Helen Quinn explains how unearthing her old University study notes has helped in her role at the BBC, including working as Assistant Producer on exciting new series The Rise of the Continents.

Name Dr Helen Quinn
Degree Course BSc (Geology and Physical Geography) / PhD
Year of Graduation 2001 / 2006
Dr Helen Quinn

Your time at the University

Edinburgh is famous as the birthplace of geology and I was very keen to study geosciences at the University because of these historic connections.

Everything about the city was inspiring, most of all its historic setting and the geology right beneath our feet.

I remember enjoying our very first field trip to Arthur’s seat just a few weeks after I moved into Pollock halls.
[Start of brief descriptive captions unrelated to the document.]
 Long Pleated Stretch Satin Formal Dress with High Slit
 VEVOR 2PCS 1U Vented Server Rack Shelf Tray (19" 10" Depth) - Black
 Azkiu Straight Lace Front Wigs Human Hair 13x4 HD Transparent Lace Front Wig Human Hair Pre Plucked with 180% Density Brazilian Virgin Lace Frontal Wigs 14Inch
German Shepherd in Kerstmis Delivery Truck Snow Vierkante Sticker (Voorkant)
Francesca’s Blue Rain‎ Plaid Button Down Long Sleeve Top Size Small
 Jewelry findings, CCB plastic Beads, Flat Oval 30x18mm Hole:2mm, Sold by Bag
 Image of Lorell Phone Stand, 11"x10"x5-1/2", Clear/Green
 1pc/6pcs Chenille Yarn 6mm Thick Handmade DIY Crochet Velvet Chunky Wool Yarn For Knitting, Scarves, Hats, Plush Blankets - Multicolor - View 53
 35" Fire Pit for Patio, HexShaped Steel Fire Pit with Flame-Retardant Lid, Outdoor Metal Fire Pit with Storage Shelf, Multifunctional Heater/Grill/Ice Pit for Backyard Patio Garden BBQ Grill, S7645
Fieldwork formed a very big part of my enthusiasm for the joint honours I did in Physical Geography and Geology. From the minute we arrived in the department we were very lucky to go on numerous trips each year.
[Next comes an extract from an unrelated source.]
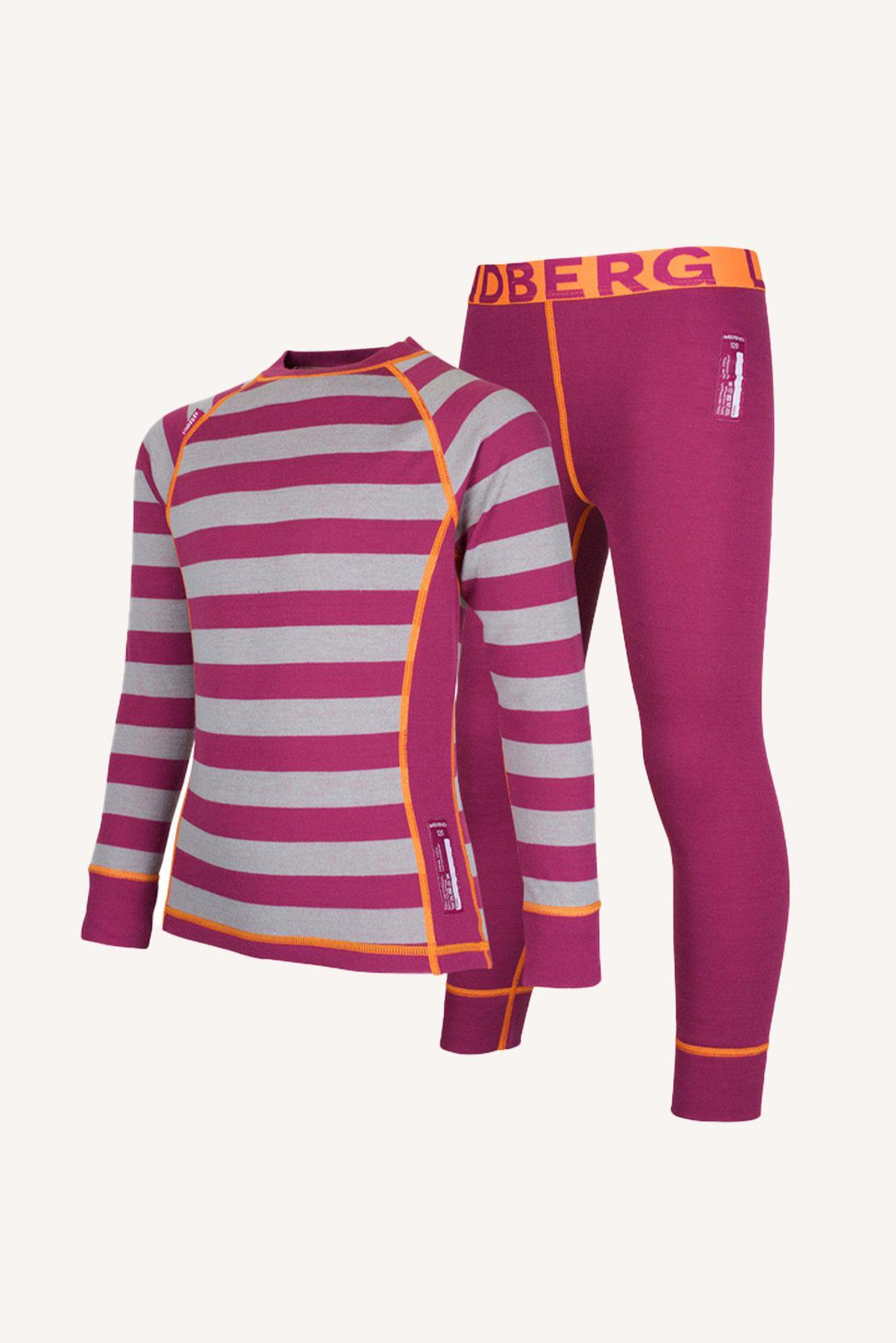 Lindberg STRIPE MERINO SET  DEEP ORCHID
My favourite memories are of the Scottish trips, particularly the second year field trip to Torridon, the beauty of the place blew my mind.

By learning traditional geological sciences in such stunning landscapes I got hooked on fieldwork, eventually staying at Edinburgh to study a PhD, which resulted in spending a season in my ultimate fieldwork destination- Antarctica.

 

 

Everything about the city was inspiring, most of all its historic setting and the geology right beneath our feet.

Dr Helen Quinn

Tell us about your Experiences since leaving the University

Antarctica and my studies at Edinburgh hugely shaped the career I do today. The science that I was writing up as an academic paper based on the work I had done in Antarctica began to lend itself to a story that could be much more widely communicated. After attending a science communication course during my PhD I started to write some of the results up as stories for newspapers such as The Scotsman. Everything I do now spiralled from this love of writing science for a wider audience.
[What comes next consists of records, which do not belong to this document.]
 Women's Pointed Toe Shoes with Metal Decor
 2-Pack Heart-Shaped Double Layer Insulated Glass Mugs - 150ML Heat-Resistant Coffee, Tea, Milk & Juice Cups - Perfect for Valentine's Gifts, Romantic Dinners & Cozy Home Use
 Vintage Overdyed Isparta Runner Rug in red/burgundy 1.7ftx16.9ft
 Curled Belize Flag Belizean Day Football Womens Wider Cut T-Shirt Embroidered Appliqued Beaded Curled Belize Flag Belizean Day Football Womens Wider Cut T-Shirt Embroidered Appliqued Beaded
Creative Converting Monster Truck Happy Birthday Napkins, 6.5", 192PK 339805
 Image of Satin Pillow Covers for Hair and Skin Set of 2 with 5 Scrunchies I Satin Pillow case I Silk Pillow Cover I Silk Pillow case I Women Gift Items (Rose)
Today I work in the science department at the BBC making TV documentaries. It involves researching stories, writing scripts, interviewing scientists and travelling the world to film these stories. I have worked on a wide range of science programmes covering subjects from mental health to physics of the universe, but the series I have enjoyed the most took me right back to my geoscience roots.

The Rise of the Continents with Professor Iain Stewart on BBC 2 was an amazing series to work on. I had to swot up on 4.5 billion years of earth’s history, dig out a lot of my university notes and text books and very quickly get up to date with new theories in geology. We were aiming to tell a complex story, making it both accessible and interesting, whilst ensuring that it was factually correct and made sense as a story. We wanted it to appeal to both geology lovers and those who previously thought they had no interest in the subject. For me it was both a treat and a challenge attempting to make geosciences accessible for such a wide audience. I am yet to get back to Antarctica on a filming trip but I am regularly suggesting ideas for a new geology series on the continent!

Alumni wisdom

Get out and see things whenever you get the chance, and get to know the beautiful country you live in. Scotland and especially Edinburgh is a very special place to study geology and geography.